*DATASET EXTRACT*:
┏━━

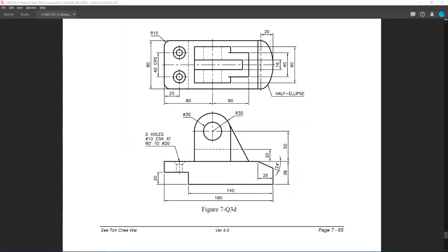Now we will start by drawing this shape here — seven outlines. We will actually draw a bigger rectangle first, followed by a smaller rectangle here, and a single line to create this chamfer at the front.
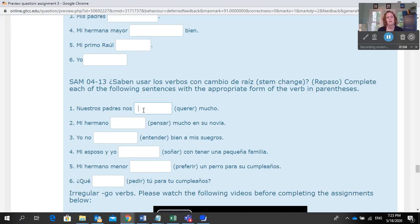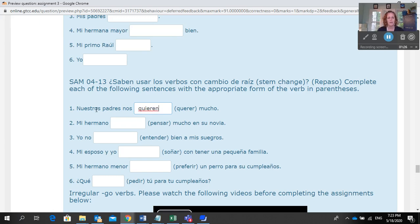So here it says 'nuestros padres.' This one will make the change because it's the parents that love us. So we're going to conjugate for the parents — that's for 'they.' Here's your verb: querer. It's an e to ie. Because the subject is not nosotros or vosotros, you have to change that e to ie, and then you change the ending to -en for parents. Our parents, they love us — quieren.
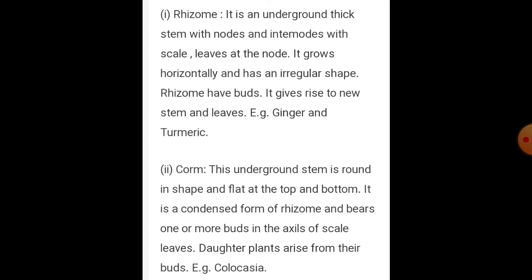Corm: an underground stem that is round in shape, flat at the top and bottom. It is a condensed form of rhizome. It bears one or more buds in the axil of scale leaves. Daughter plants are raised from these buds. Example: colocasia.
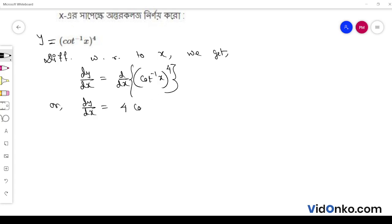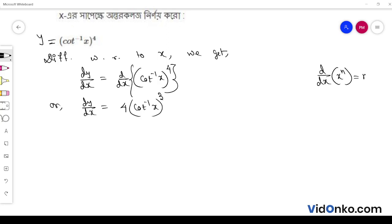Applying the chain rule: 4 into cot inverse x whole to the power 3, using the formula d/dx of x to the power n is equal to n times x to the power n minus 1.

┗━━

*TASK REQUIREMENTS*: Every line of the listing must be reproduced exactly, though the pictures are to be left out.

*SOLVED EXERCISE*:
Now we will start by drawing this shape here — seven outlines. We will actually draw a bigger rectangle first, followed by a smaller rectangle here, and a single line to create this chamfer at the front.
So here it says 'nuestros padres.' This one will make the change because it's the parents that love us. So we're going to conjugate for the parents — that's for 'they.' Here's your verb: querer. It's an e to ie. Because the subject is not nosotros or vosotros, you have to change that e to ie, and then you change the ending to -en for parents. Our parents, they love us — quieren.
Corm: an underground stem that is round in shape, flat at the top and bottom. It is a condensed form of rhizome. It bears one or more buds in the axil of scale leaves. Daughter plants are raised from these buds. Example: colocasia.
Applying the chain rule: 4 into cot inverse x whole to the power 3, using the formula d/dx of x to the power n is equal to n times x to the power n minus 1.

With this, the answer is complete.